National Council of Social Service

Agency overview
- Formed: 1 May 1992; 34 years ago
- Preceding agency: Singapore Council of Social Service;
- Jurisdiction: Government of Singapore
- Headquarters: 170 Ghim Moh Road #01-02 Ulu Pandan Community Building Singapore 279621
- Ministers responsible: Masagos Zulkifli, Minister for Social and Family Development and Second Minister for Health; Desmond Lee, Minister-in-charge of Social Services Integration;
- Deputy Ministers responsible: Sun Xueling, Minister of State for Social and Family Development; Eric Chua, Senior Parliamentary Secretary for Social and Family Development;
- Agency executives: Gregory Vijayendran, Chairman; Lim Shung Yar, CEO;
- Parent Ministry: Ministry of Social and Family Development
- Child agencies: Social Service Institute; Community Chest;
- Website: www.ncss.gov.sg
- Agency ID: T08GB0034K

= National Council of Social Service =

The National Council of Social Service (NCSS) is a statutory board under the Ministry of Social and Family Development of the Government of Singapore. The organization was formerly known as the Singapore Council of Social Services (SCSS).

The organisation is the national coordinating body for Social Service Agencies (SSAs) in Singapore.

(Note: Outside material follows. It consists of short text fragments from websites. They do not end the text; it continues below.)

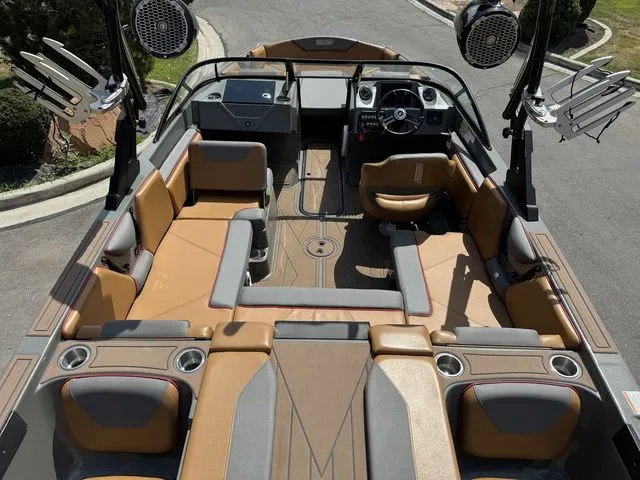 Slide: The Image of Heyday Wake Boats WT-SURF 2021 - 10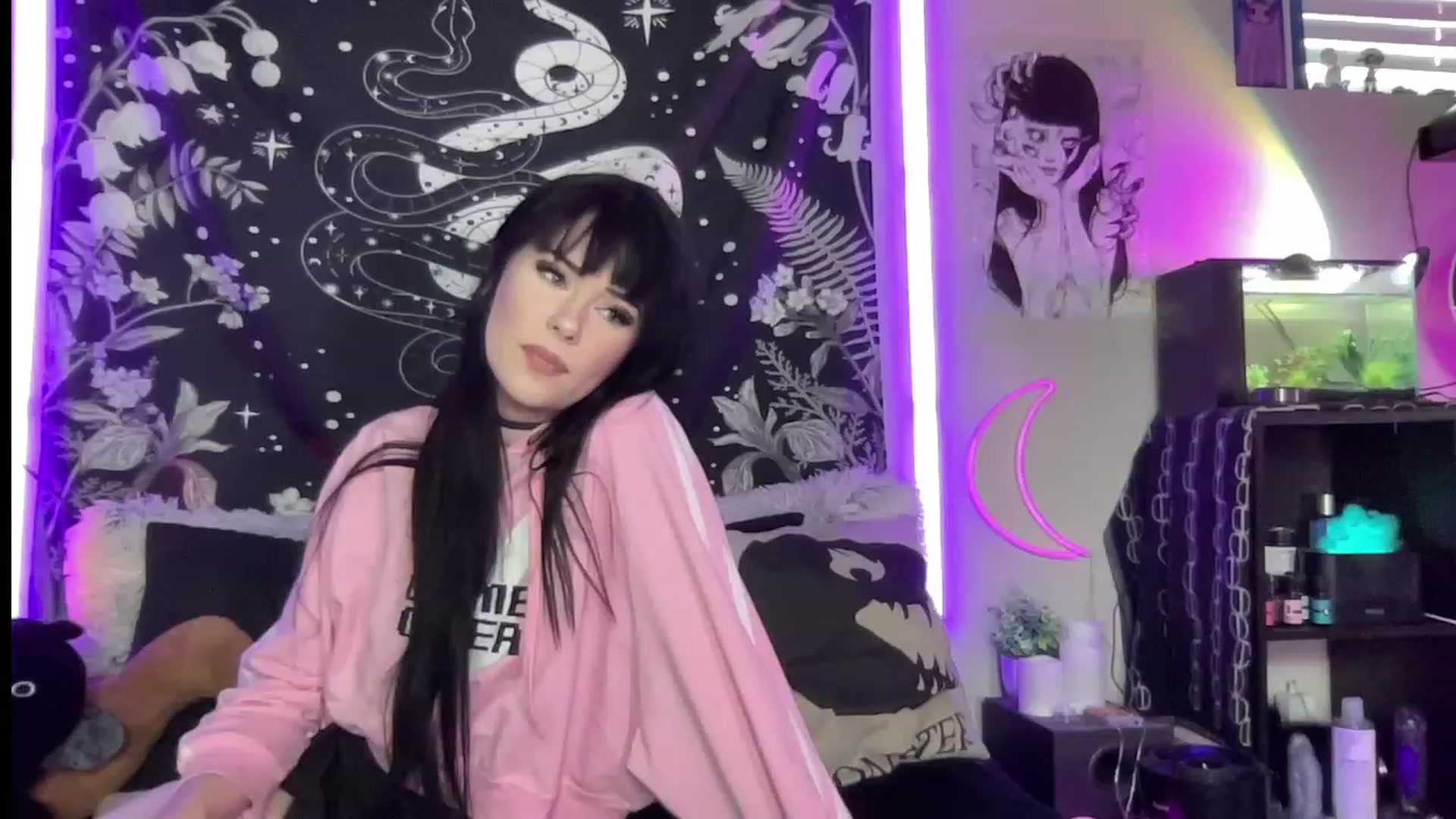 Gallery image thumbnail from RileyWoods's myfreecams stream on, 07/18/2023, 23:01 image 14 of 20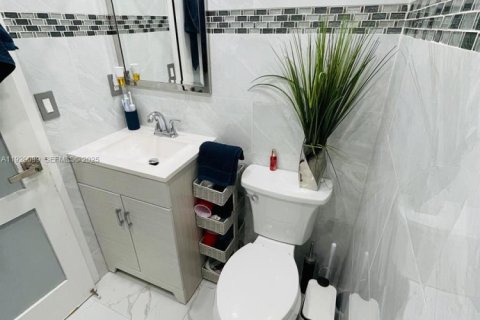 Villa ou maison à vendre à Homestead, Floride: 3 chambres, 119.47 m2 № 1987539 - photo 13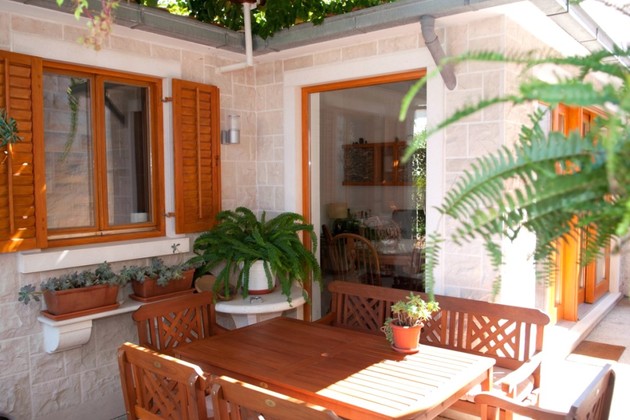Charmante Wohnung auf Brač mit Innenhof und Sommerküche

SSAs are non-profit organisations that provides welfare or social service to vulnerable or disadvantaged groups in Singapore, and in 2018 were renamed from the term Voluntary Welfare Organisations (VWOs).

SSAs are members of NCSS. A SSA is therefore not a legal structure (they can be registered as societies or companies limited by guarantee), but a classificatory category used to describe a subset of voluntary organisations in the business of providing direct welfare services.

The Social Service Institute and the Community Chest are part of the National Council of Social Service.